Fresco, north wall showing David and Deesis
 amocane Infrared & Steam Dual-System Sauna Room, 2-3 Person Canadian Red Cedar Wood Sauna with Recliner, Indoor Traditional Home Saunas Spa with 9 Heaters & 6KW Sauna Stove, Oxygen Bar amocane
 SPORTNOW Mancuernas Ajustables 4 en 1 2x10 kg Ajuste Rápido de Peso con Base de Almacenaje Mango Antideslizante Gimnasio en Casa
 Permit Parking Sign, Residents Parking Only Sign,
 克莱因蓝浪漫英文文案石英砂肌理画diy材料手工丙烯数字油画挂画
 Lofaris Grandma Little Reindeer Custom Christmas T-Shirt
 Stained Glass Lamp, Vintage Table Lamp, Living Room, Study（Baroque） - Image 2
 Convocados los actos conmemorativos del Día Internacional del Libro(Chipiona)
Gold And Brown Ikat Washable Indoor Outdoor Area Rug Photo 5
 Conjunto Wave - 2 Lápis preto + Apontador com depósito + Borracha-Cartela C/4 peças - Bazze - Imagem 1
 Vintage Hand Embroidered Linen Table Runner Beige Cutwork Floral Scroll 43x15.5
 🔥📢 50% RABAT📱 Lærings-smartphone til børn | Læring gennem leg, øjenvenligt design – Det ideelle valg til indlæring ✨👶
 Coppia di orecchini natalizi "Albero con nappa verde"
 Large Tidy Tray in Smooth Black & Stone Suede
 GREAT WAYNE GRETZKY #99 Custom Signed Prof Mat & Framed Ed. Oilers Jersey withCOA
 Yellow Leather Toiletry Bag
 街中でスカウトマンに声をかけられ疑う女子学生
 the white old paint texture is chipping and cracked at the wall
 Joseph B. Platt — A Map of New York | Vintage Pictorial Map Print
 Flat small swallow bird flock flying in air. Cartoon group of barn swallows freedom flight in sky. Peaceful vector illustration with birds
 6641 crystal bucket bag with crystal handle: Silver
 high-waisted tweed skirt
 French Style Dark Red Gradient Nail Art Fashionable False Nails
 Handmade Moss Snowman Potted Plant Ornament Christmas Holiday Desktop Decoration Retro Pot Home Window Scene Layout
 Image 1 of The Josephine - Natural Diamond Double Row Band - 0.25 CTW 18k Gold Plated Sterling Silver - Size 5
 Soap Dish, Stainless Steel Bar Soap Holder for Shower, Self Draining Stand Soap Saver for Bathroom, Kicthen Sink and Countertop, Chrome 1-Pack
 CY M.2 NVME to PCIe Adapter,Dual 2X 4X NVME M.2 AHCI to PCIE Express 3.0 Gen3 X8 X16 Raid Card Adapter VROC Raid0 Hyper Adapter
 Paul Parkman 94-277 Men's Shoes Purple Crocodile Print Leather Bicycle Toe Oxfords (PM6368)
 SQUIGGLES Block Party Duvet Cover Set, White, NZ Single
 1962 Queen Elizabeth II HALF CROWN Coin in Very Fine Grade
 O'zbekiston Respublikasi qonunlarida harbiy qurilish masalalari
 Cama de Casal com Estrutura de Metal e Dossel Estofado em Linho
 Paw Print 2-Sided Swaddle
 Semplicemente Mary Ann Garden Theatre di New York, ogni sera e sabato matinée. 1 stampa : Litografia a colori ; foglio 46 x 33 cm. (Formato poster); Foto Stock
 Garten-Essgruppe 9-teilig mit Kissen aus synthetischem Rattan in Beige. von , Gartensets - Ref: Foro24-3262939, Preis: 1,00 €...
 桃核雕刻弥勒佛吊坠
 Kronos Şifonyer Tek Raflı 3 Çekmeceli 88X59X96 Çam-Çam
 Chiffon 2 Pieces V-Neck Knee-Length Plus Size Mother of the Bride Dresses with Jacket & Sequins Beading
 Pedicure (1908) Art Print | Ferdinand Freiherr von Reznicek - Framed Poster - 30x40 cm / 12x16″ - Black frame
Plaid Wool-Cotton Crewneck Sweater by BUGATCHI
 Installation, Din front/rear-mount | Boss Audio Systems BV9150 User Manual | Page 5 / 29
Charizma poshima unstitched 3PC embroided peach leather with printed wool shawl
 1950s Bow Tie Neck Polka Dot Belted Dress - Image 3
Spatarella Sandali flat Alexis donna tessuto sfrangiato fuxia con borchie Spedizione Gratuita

● ● ● ● ● ● ●

The required answer is a single number: how many lines above hold the string "Custom".

2